=== EXERCISE INSTRUCTIONS ===
Would you quote every entry exactly, dropping only the pictures?

WORKING DATA section start

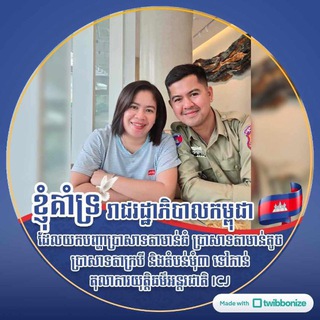 ម៉ម សុវណ្ណរ័ត្ន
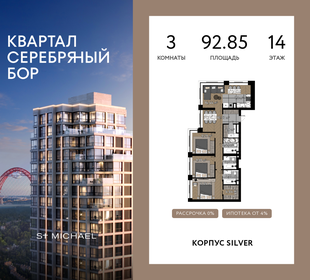 Квартира 92,9 м², 3-комнатная - изображение 1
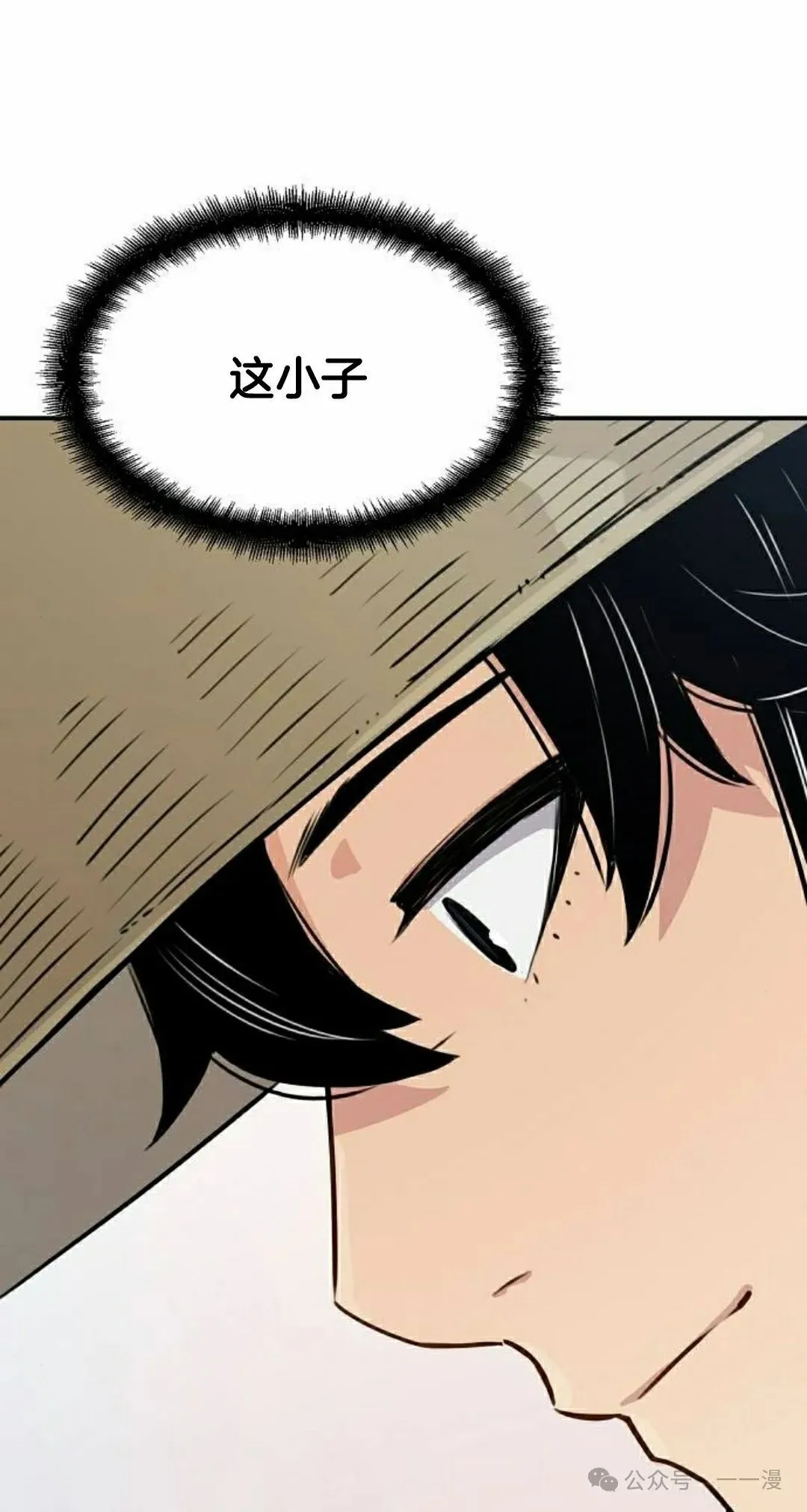 第16集 第65页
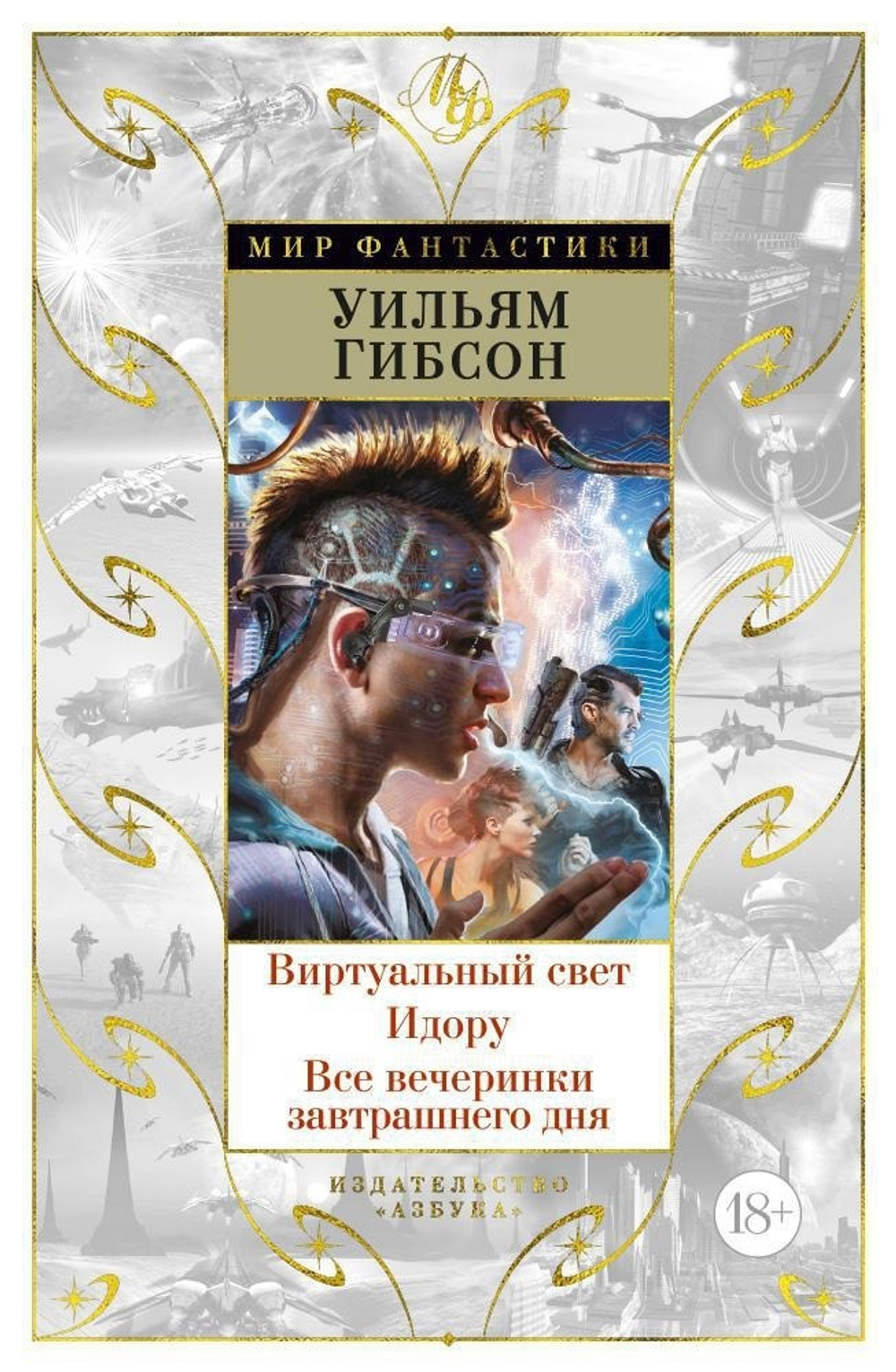 Виртуальный свет. Идору. Все вечеринки завтрашнего дня. Уильям Гибсон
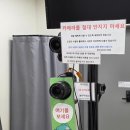 모노크롬스튜디오 - 달성군 달구벌대로 836 | 남양주 다산 셀프사진관 모노크롬 스튜디오 결혼기념일 촬영 후기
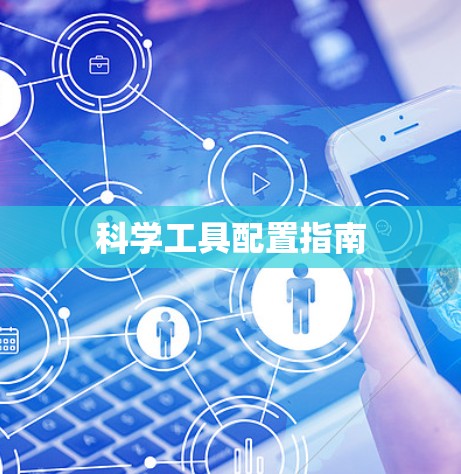 科学工具配置指南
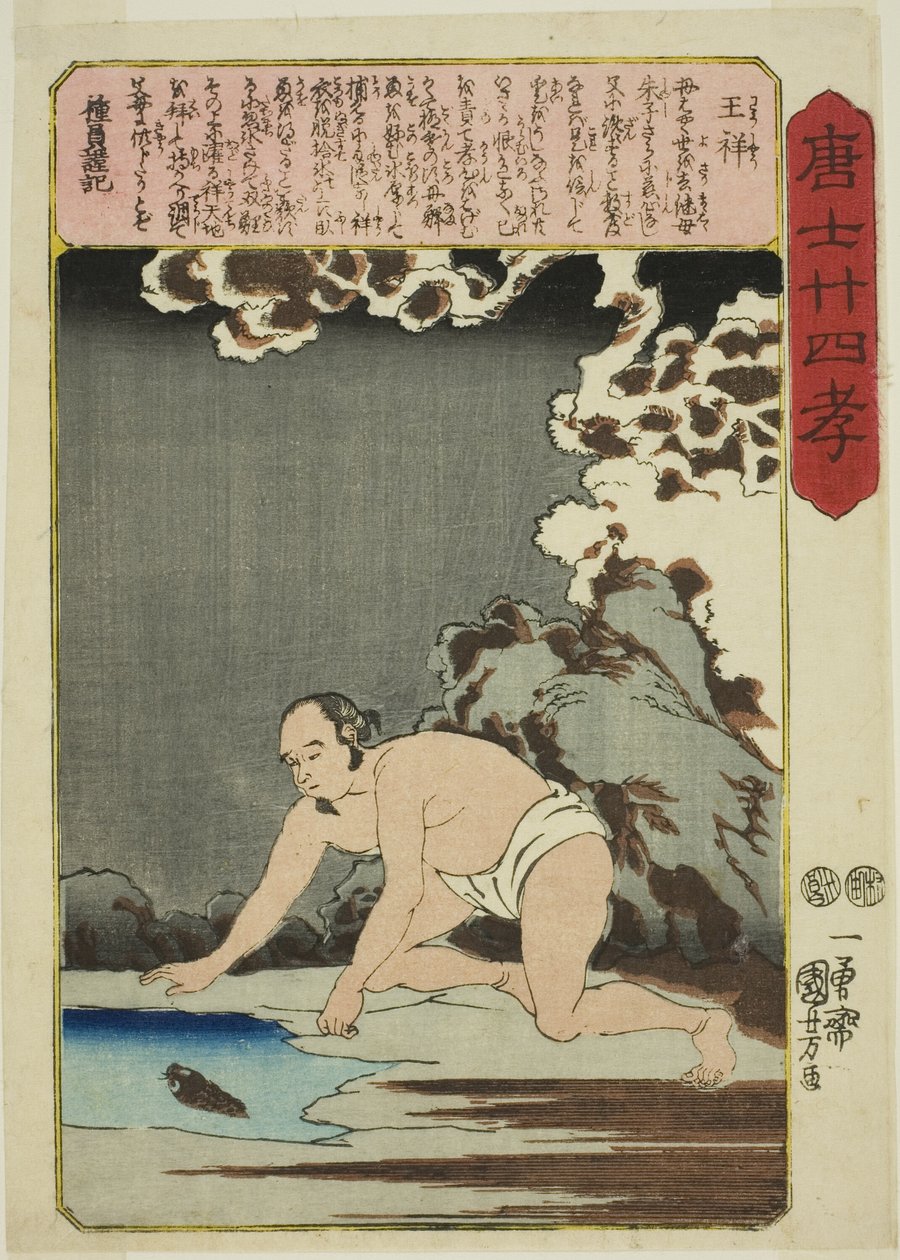 Wang Xiang (O Sho), fra serien "Twenty-four Paragons of Filial Piety in China (Morokoshi nijushiko)" av Utagawa Kuniyoshi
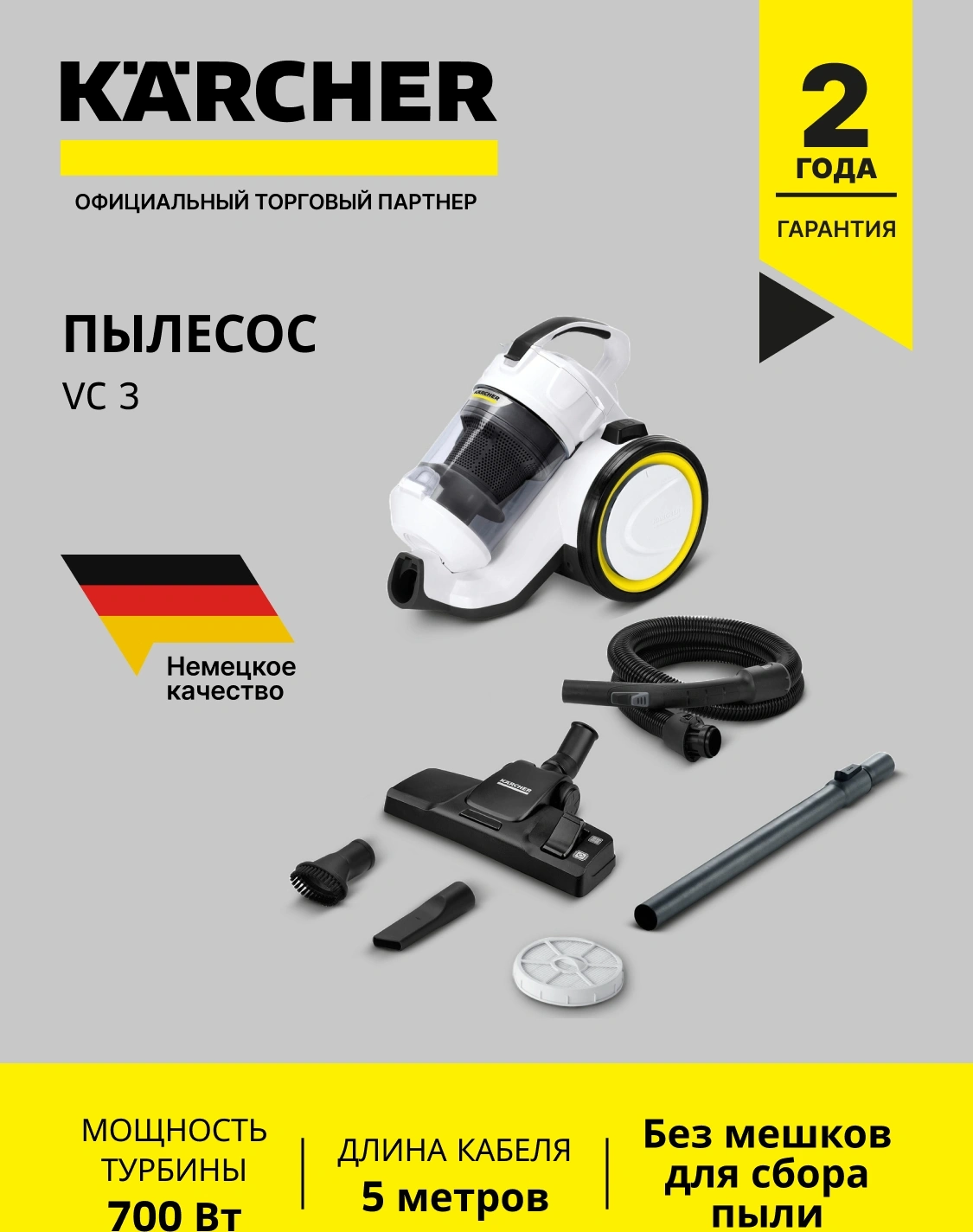 Пылесос Karcher VC 3 (ERP) 700Вт белый/черный — миниатюра 21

WORKING DATA section end

=== RESPONSE TO THE TASK ===
 ម៉ម សុវណ្ណរ័ត្ន
 Квартира 92,9 м², 3-комнатная - изображение 1
 第16集 第65页
 Виртуальный свет. Идору. Все вечеринки завтрашнего дня. Уильям Гибсон
 모노크롬스튜디오 - 달성군 달구벌대로 836 | 남양주 다산 셀프사진관 모노크롬 스튜디오 결혼기념일 촬영 후기
 科学工具配置指南
 Wang Xiang (O Sho), fra serien "Twenty-four Paragons of Filial Piety in China (Morokoshi nijushiko)" av Utagawa Kuniyoshi
 Пылесос Karcher VC 3 (ERP) 700Вт белый/черный — миниатюра 21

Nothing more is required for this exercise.